What the task requires:
Please count the lines with the word "Storage" in the material below, then state the number by itself.

Source material:
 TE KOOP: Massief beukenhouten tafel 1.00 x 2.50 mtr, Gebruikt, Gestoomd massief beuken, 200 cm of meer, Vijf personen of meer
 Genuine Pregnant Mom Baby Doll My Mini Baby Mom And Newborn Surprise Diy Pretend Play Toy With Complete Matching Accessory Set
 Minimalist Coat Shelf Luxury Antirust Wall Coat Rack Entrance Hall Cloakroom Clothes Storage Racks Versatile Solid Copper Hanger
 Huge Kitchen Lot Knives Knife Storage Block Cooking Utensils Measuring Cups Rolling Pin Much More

* * *

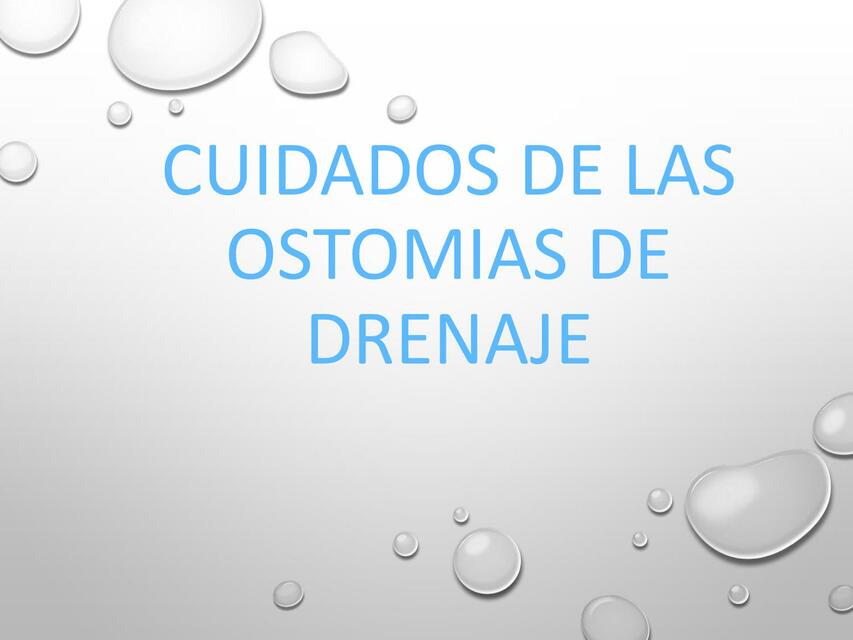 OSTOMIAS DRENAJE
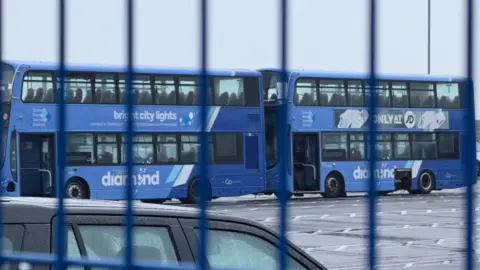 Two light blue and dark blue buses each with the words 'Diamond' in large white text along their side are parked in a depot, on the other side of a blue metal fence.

--

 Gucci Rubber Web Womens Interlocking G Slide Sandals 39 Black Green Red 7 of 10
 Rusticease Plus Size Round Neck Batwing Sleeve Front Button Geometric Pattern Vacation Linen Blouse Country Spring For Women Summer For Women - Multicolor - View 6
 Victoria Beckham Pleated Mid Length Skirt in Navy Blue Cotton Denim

Output of the task:
2